資金原資は主に内部留保と営業キャッシュ・フローで、財務の健全性を維持しながら成長投資を行う構造。
企業の強み
オプティクス事業は2026年3月期売上高2,855百万円に対しセグメント利益1,025百万円(利益率35.9%)と突出した収益性を誇る。受注残高は前期末比47.0%増の2,601百万円に達しており、半導体向け深紫外光(DUV)光学部品への強い需要を背景に、将来売上の積み上がりが確認できる。
創業以来70年超にわたり鉄鋼・フィルム向け制御技術を蓄積し、国内外で高い顧客信頼を獲得。ドイツIMSグループ(放射線板厚計で世界トップシェア)およびErhardt+Leimerグループとの業務提携を活用し、インド市場への蛇行制御装置供給開始など海外展開を実現。
制御機器事業の受注残高は3,214百万円(前期末比18.8%増)と積み上がっている。
制御機器・検査機・オプティクスの3事業が鉄鋼・半導体・食品・電池など異なる業種を顧客とするため、特定業種の設備投資サイクルに依存しにくい構造を持つ。2026年3月期の連結売上高11,023百万円、営業利益1,701百万円(営業利益率15.4%)を維持し、純資産17,072百万円・自己資本比率の高い財務基盤を有する。
エンヴァリスの着眼点
業績トレンド
2026年3月期は売上高11,023百万円(前期比2.5%増)に対し営業利益1,701百万円(前期比10.8%減)と増収減益だったが、2027年3月期第1四半期は売上高2,945百万円(前年同期比29.0%増)、営業利益236百万円(同63.2%増)と大幅に加速・改善した。半導体関連需要の堅調と応用光研工業の連結寄与が主因。

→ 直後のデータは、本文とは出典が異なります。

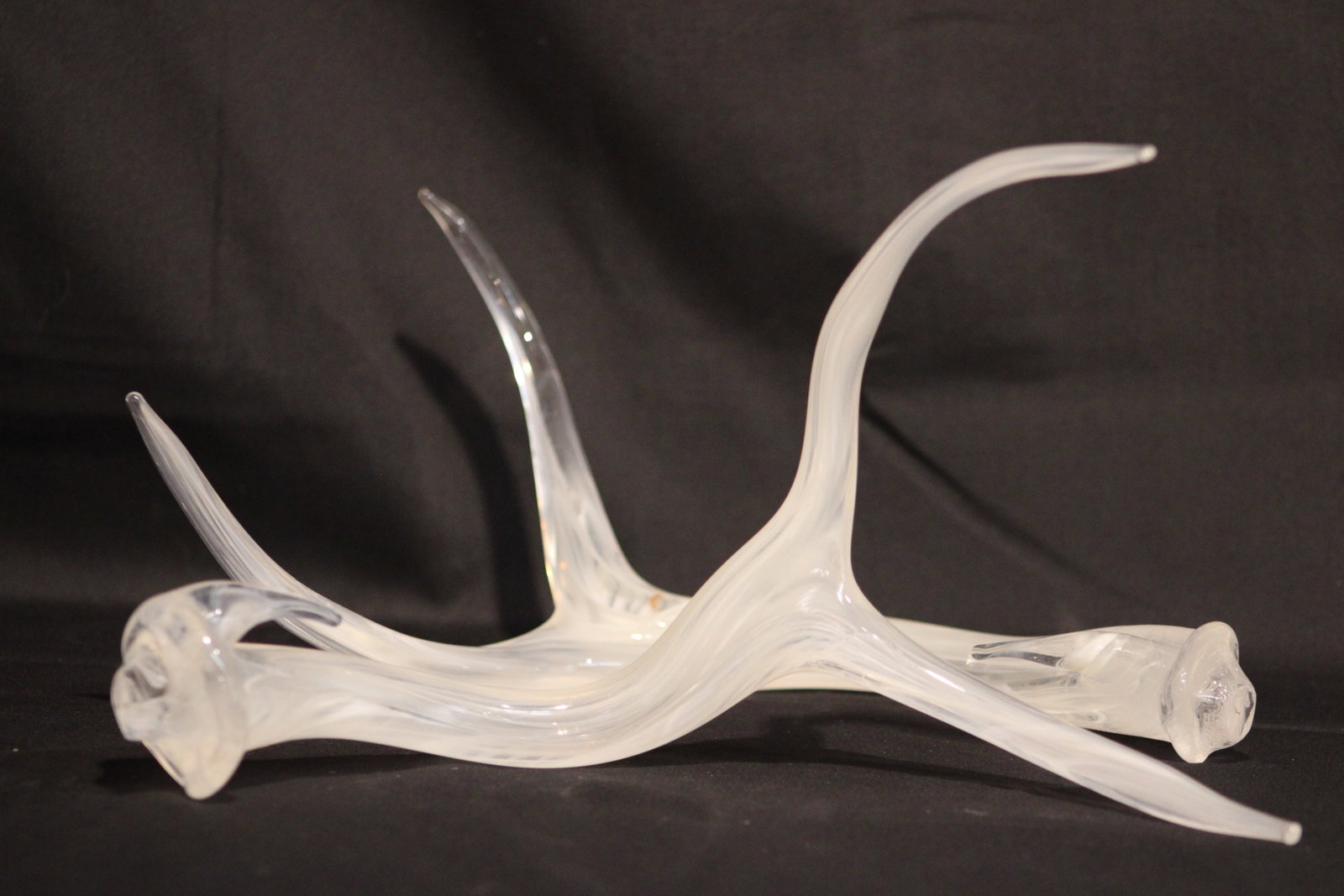 Ira Lujan Taos Pueblo Glass Antler Frosted White: Hand-blown art glass antler sculpture by Ira Lujan (Taos/Ohkay Owingeh Pueblo), depicting a branching, multi-point antler form in frosted opaque white glass with clear glass tines and tips, the surfac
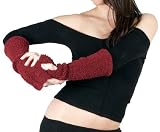 Unique Stretch Knit Boucle Merino Wool Hand & Arm Warmers by KD dance, Unique & Fashionable, Fingerless Texting Gloves with Thumb Hole, Made In New York USA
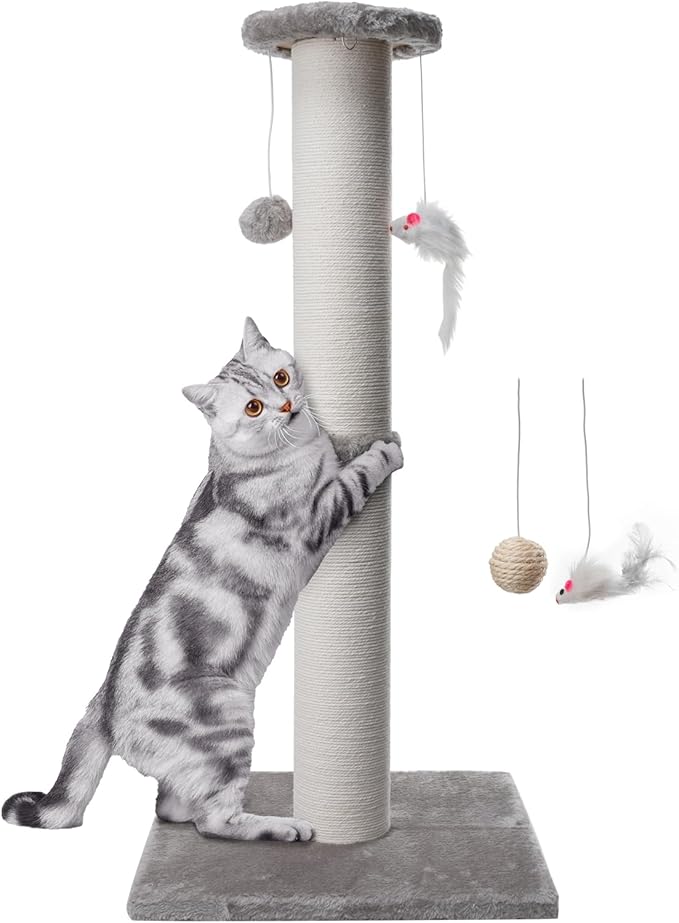 34 Inch Tall Cat Scratching Post Heavy Duty and Thicker Cat Scratch Post Sisal Scratch Posts Large Diameter with Hanging Ball Toy Cat Scratchers Scratching Posts for indoor cats Adults Kittens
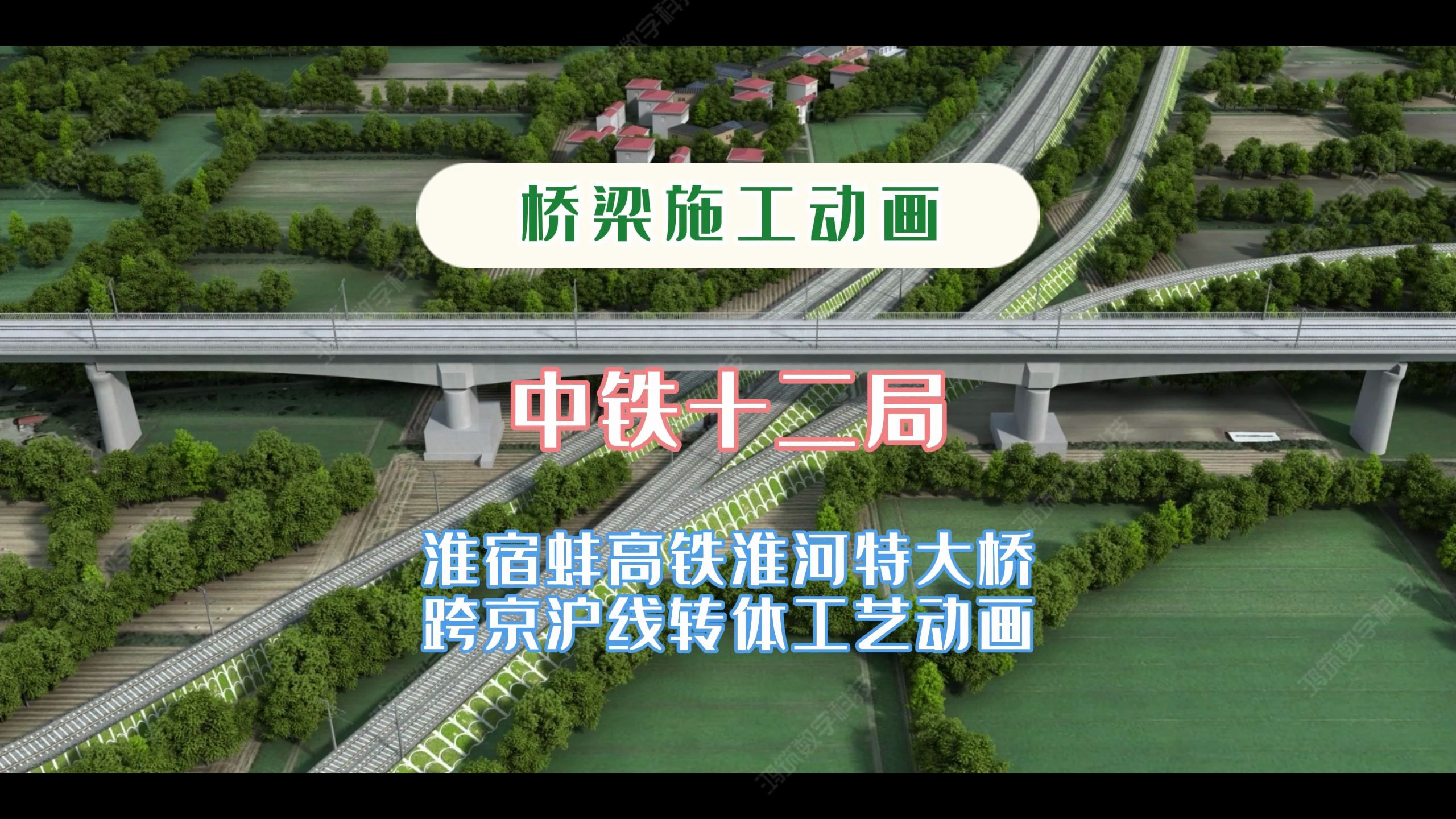 淮宿蚌高铁淮河特大桥跨京沪线转体工艺动画中铁十二局哔哩哔哩bilibili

総資産は20,333百万円(前期末比254百万円減)、自己資本比率82.8%と財務健全性は高水準を維持。
成長戦略
オプティクス増産投資・M&A・グローバル展開・株主還元強化で企業価値向上を目指す
半導体向け光学部品需要の拡大に対応するため、今後数年間で20億円規模の生産能力増強投資を計画。2029年3月期の稼働開始を目標とし、供給制約の解消と受注拡大を狙う。
2025年10月に子会社化した応用光研工業(放射線計測・結晶光学)の業績が検査機事業・オプティクス事業双方に寄与し始めており、第1四半期業績にも反映された。
欧州パートナーとの協業強化を通じ、制御機器・検査装置分野での国内外事業を強化。インド市場への新規参入も進めている。
2026年8月に1株→3株の株式分割を実施し、資本市場での流動性向上・投資家層拡大を図った。2027年3月期は特別配当を含む配当を予想し、株主還元方針を継続。